De même, le printemps arabe, simultané au mouvement des indignés en 2011, rencontre des difficultés à aboutir à des formes de gouvernements démocratiques rompant avec le neolibéralisme. C’est le plus évident en Égypte mais c’est également vrai en Tunisie.

Donc, je ne suis pas optimiste à court terme. Mais je constate aussi que de manière périodique des populations entrent en rébellion, que des rébellions successives finissent pas produire des résultats politiques, que le travail du CADTM s’enracine dans des processus locaux dans un certain nombre de pays en Europe et au Sud de la Planète (Afrique, Amérique latine et Caraïbe, Asie). Je suis également témoin du fait que la remise en cause des dettes illégitimes prend de l’ampleur et que la problématique s’élargit de manière cohérente : il s’agit non seulement de remettre en cause les dettes publiques illégitimes, insoutenables, odieuses ou/et illégales, il s’agit aussi de lutter pour l’annulation des dettes privées illégitimes réclamées aux millions de familles abusées par les banques pour des prêts hypothécaires (c’est particulièrement important aux États-Unis, en Espagne, en Irlande, dans plusieurs pays d’Europe centrale et de l’Est), aux centaines de milliers de familles victimes de taux usuriers dans le microcrédit spécialement dans le Sud de la Planète, aux paysans (notamment en Inde où plus de 250 000 paysans surendettés se sont suicidés au cours des dix dernières années) victimes de taux usuraire et des politiques de la Banque mondiale. Cela donne des responsabilités nouvelles au CADTM et à toutes les organisations et individus qui luttent pour l’annulation des dettes illégitimes.

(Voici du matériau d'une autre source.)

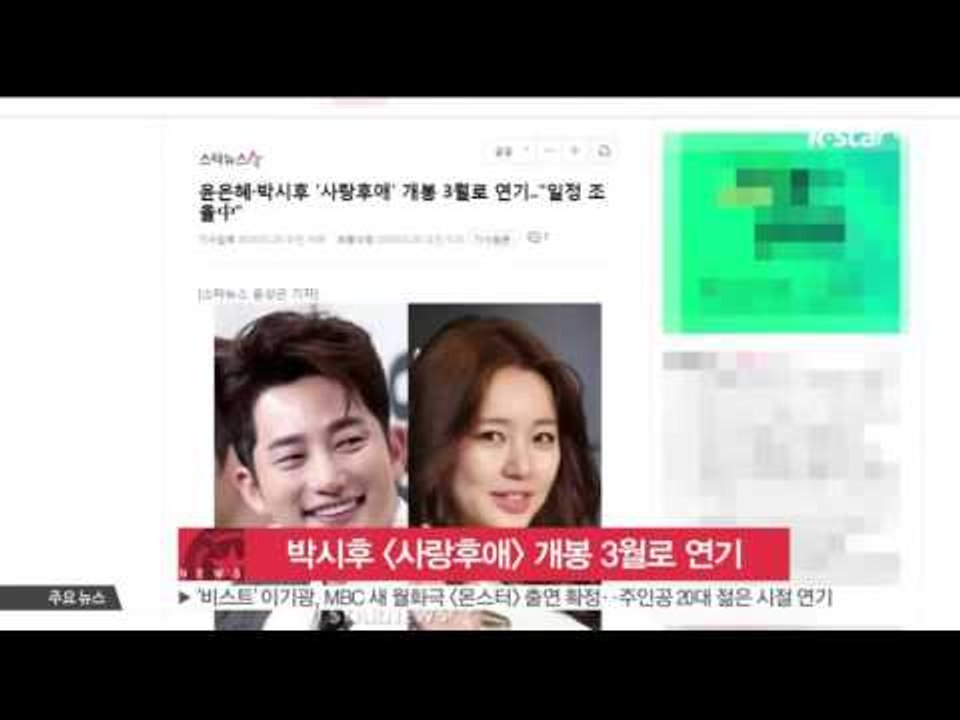 [생방송 스타 뉴스] 박시후·윤은혜 [사랑후애] 개봉 3월로 연기..'일정 조율 중'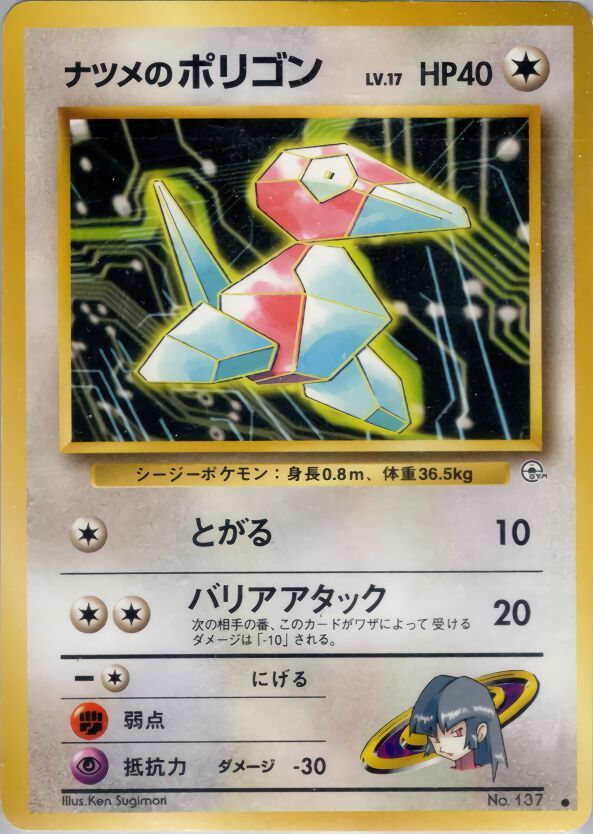 Rocket's Mewtwo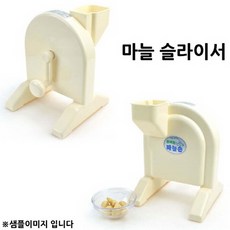 브라운핸드블랜더이유식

Sur le moyen et le long terme, je ne serai certainement pas présent pour le vivre, je garde un espoir enthousiaste sur la capacité des populations à prendre leur sort en main face à des défis globaux tels que ceux de la dette ou du changement climatique. Je conserve aussi une grande volonté de contribuer à la poursuite de la lutte émancipatrice. Je suis persuadé que les générations qui viennent vont pouvoir forger un nouveau projet émancipateur et des formes d’organisation qui répondront aux crises et aux phénomènes d’institutionnalisation et de fatigue que les générations antérieures ont rencontrés. Du coup, la priorité est de contribuer à former la jeune génération. Et c’est une des forces du CADTM car il est animé en majorité par des personnes ayant entre 20 et 45 ans, ce qui est également un élément d’optimisme pour moi.